# The task:
Your copy should start at the line with "Label of Raw" and end at the line with "Cartoon character of" in the data below. Transcribe only those lines, exactly, pictures excluded.

Segment Open

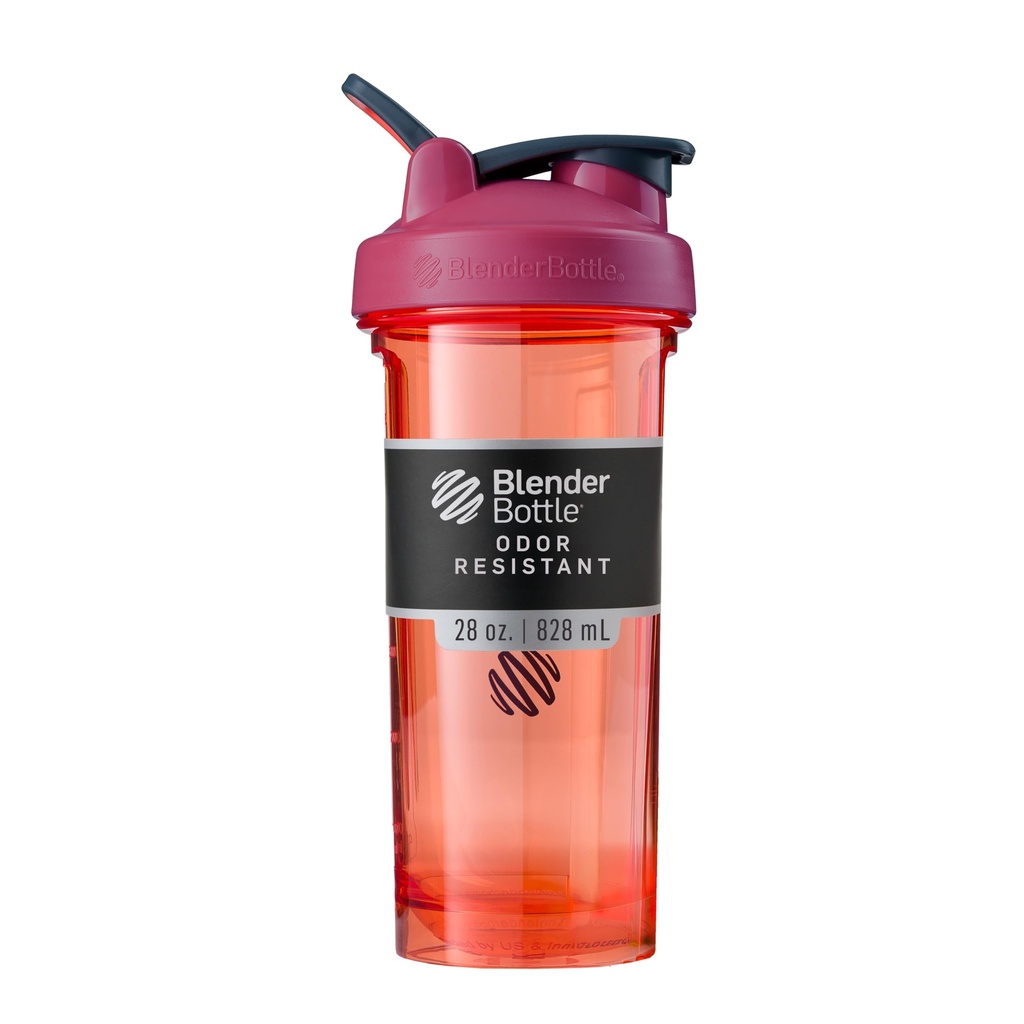 BlenderBottle Shaker Bottle Pro Series Perfecto para Protein Shakes y Pre Workout, 28-Once, Full-Color Coral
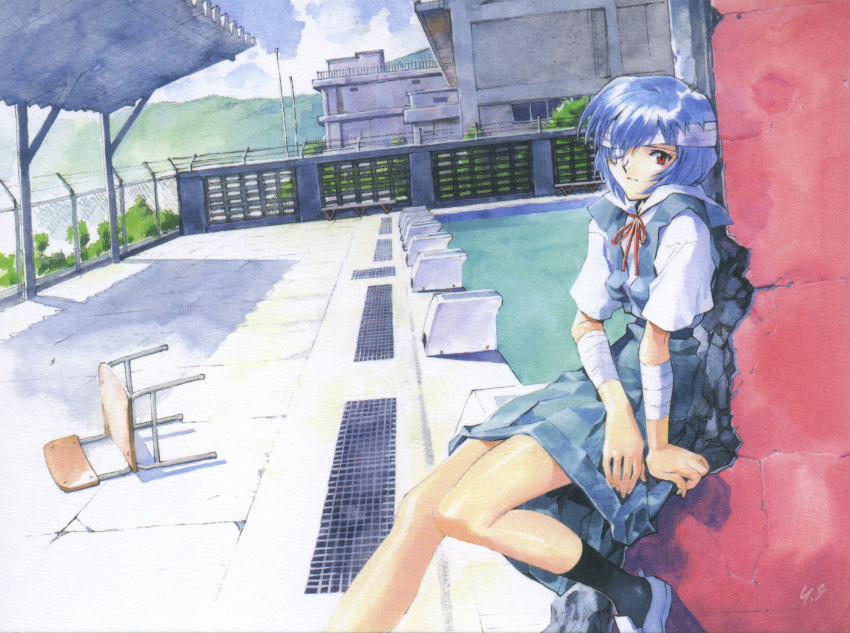 1girl absurdres ayanami_rei bandage_over_one_eye bandages barbed_wire blue_hair chain-link_fence chair color_halftone day drain_(object) dutch_angle eyepatch fence highres looking_at_viewer neon_genesis_evangelion official_art outdoors pool poolside red_eyes sadamoto_yoshiyuki scan school school_uniform short_hair socks solo starting_block vanishing_point
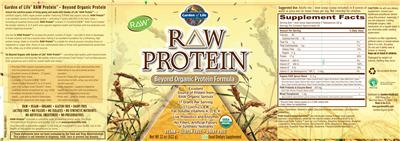 Label of Raw Protein Beyond Organic Protein Formula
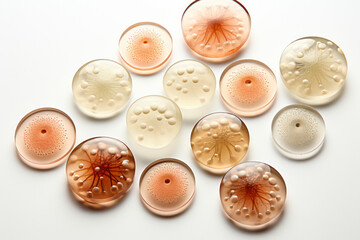 Microscopic view of yeast cells from fermented food isolated on a white background 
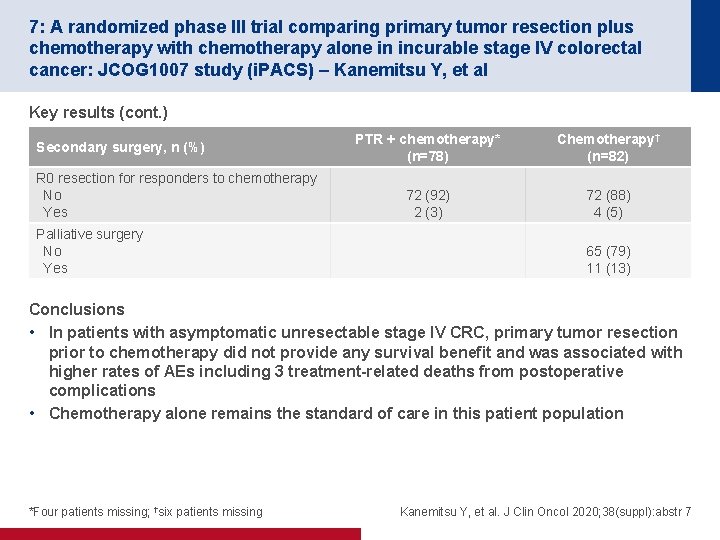 7: A randomized phase III trial comparing primary tumor resection plus chemotherapy with chemotherapy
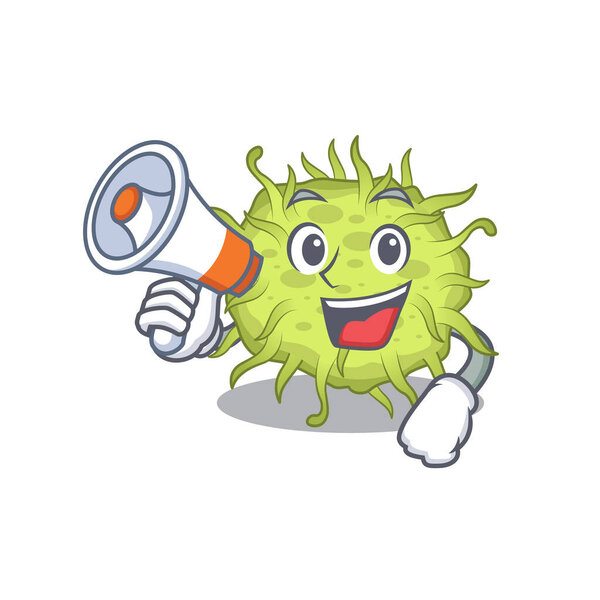 Cartoon character of bacteria coccus having a megaphone. Vector illustration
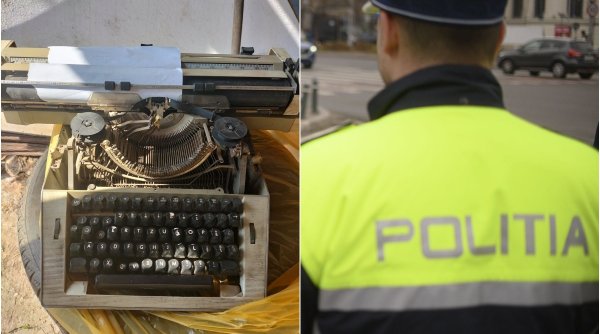 Poliția Română bate tare! Polițiștii au ajuns să-și redacteze documentele la mașini de scris din secolul trecut, la Buzău, iar imaginile au devenit virale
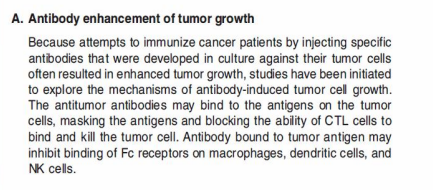 A. Antibody enhancement of tumor growth
Because attempts to immunize cancer patients by injecting specific
antibodies that were developed in culture against their tumor cells
often resulted in enhanced tumor growth, studies have been initiated
to explore the mechanisms of antibody-induced tumor cell growth.
The antitumor antibodies may bind to the antigens on the tumor
cells, masking the antigens and blocking the ability of CTL cells to
bind and kill the tumor cell. Antibody bound to tumor antigen may
inhibit binding of Fc receptors on macrophages, dendritic cells, and
NK cells.
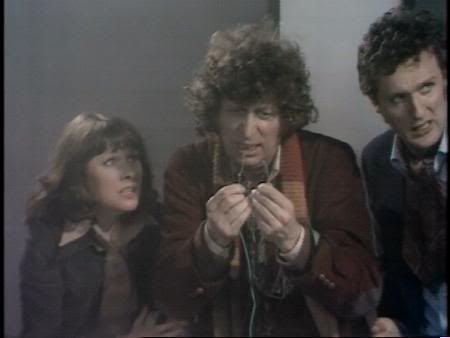 The Fourth Doctor, Sarah Jane Smith and Ian about to blow up the Daleks in Genesis of the Daleks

Segment Closed

# Response for this exercise:
 Label of Raw Protein Beyond Organic Protein Formula
 Microscopic view of yeast cells from fermented food isolated on a white background 
 7: A randomized phase III trial comparing primary tumor resection plus chemotherapy with chemotherapy
 Cartoon character of bacteria coccus having a megaphone. Vector illustration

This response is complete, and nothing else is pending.